[WHAT THE TASK REQUIRES] In the answer, each entry below appears exactly as given, and no picture appears at all.

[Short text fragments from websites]
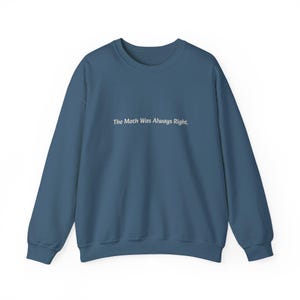 May include: A blue crew neck sweatshirt with the text "The Math Was Always Right" in white. The sweatshirt has long sleeves and a classic, casual design, suitable for everyday wear.
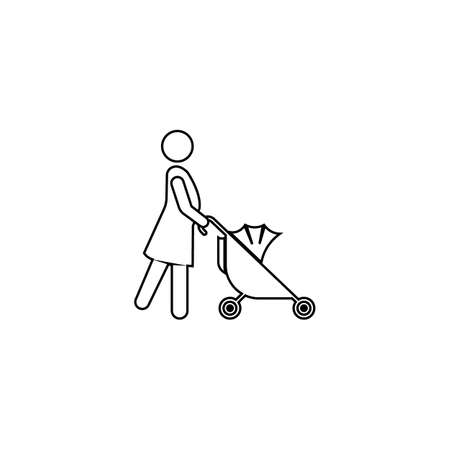 a mother's line icon and a stroller, vector illustration design template.のイラスト素材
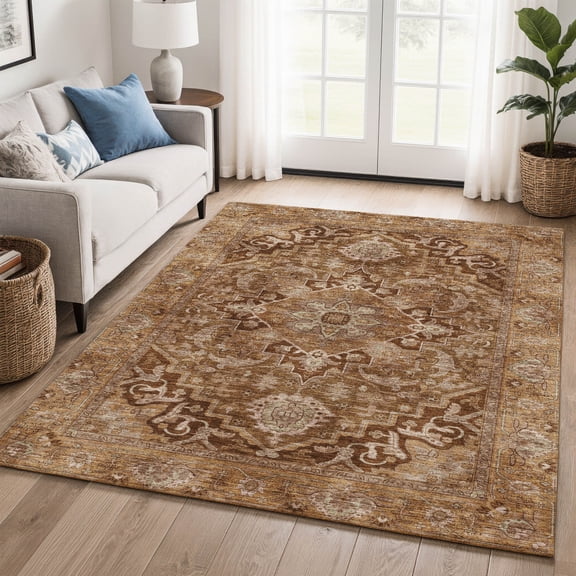 Addison Rugs Mayfield Premium Machine Washable Traditional Global Terracotta Rectangle Rug, 10' x 14'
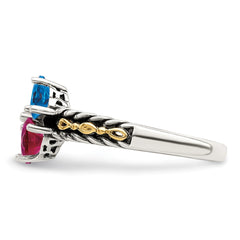 Sterling Silver Antiqued w/14k 4-stone Mother's Ring - 47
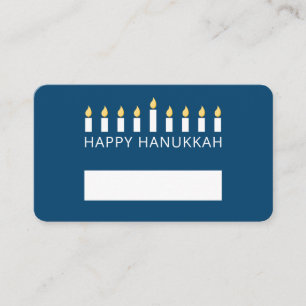 Tarjeta De Mesa Feliz Hanukkah  Sencillo y moderno saludo de velas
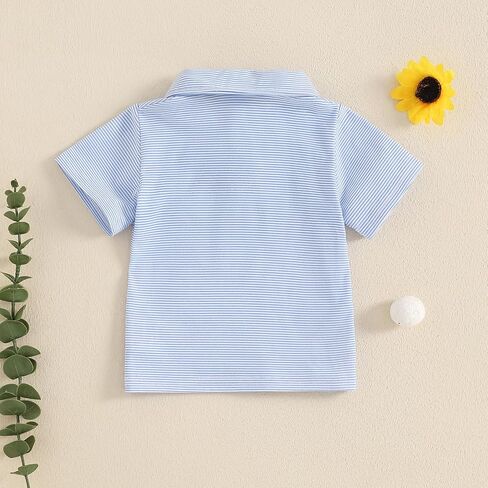 Toddler Baby Boy Shirt Golf Stripes Short Sleeve Button Down T-Shirt Tops Cute Infant Casual Tee Summer Clothes in Saudi Arabia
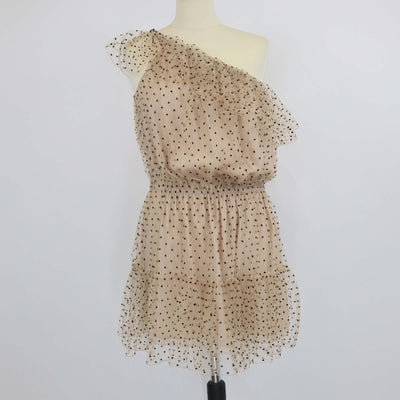 Gucci Beige Blend Fabric Polka Dot Ruffled One Shoulder Mini Dress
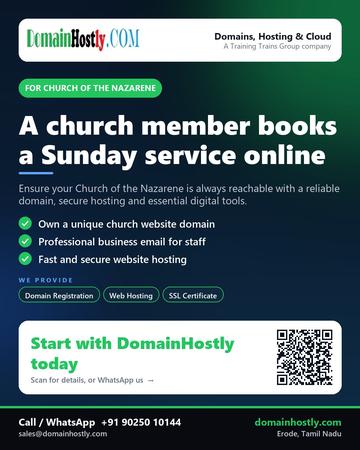 DomainHostly poster for Church of the Nazarene: A church member books a Sunday service online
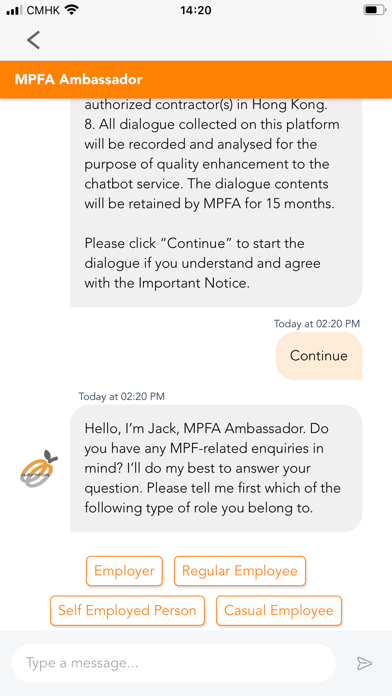 積金局個人帳戶電子查詢 (MPFA ePA) screenshot 1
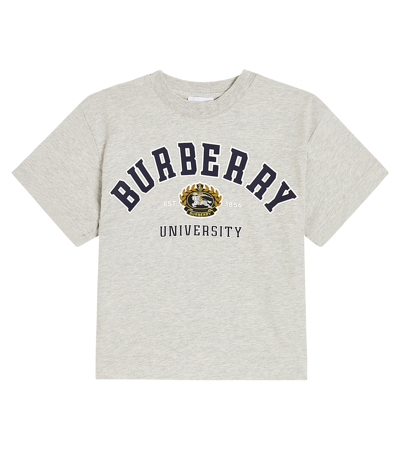 Shop Burberry Logo Cotton Jersey T-shirt In White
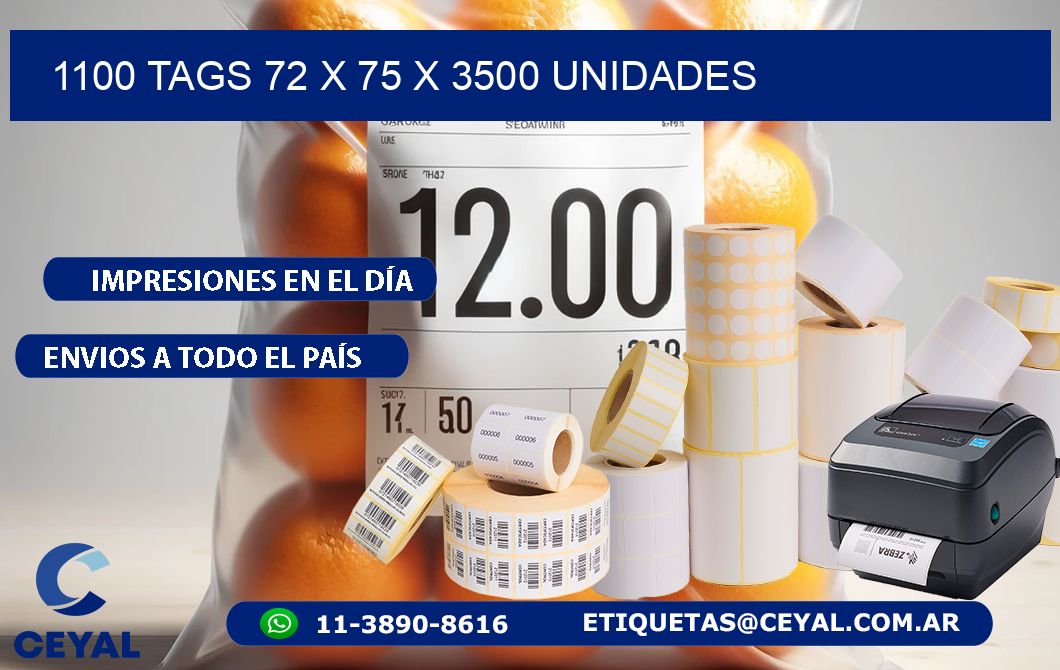 1100 TAGS 72 x 75 X 3500 UNIDADES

[SOLUTION FOR THIS PROBLEM]
 May include: A blue crew neck sweatshirt with the text "The Math Was Always Right" in white. The sweatshirt has long sleeves and a classic, casual design, suitable for everyday wear.
 a mother's line icon and a stroller, vector illustration design template.のイラスト素材
 Addison Rugs Mayfield Premium Machine Washable Traditional Global Terracotta Rectangle Rug, 10' x 14'
 Sterling Silver Antiqued w/14k 4-stone Mother's Ring - 47
 Tarjeta De Mesa Feliz Hanukkah  Sencillo y moderno saludo de velas
 Toddler Baby Boy Shirt Golf Stripes Short Sleeve Button Down T-Shirt Tops Cute Infant Casual Tee Summer Clothes in Saudi Arabia
 Gucci Beige Blend Fabric Polka Dot Ruffled One Shoulder Mini Dress
 DomainHostly poster for Church of the Nazarene: A church member books a Sunday service online
 積金局個人帳戶電子查詢 (MPFA ePA) screenshot 1
 Shop Burberry Logo Cotton Jersey T-shirt In White
 1100 TAGS 72 x 75 X 3500 UNIDADES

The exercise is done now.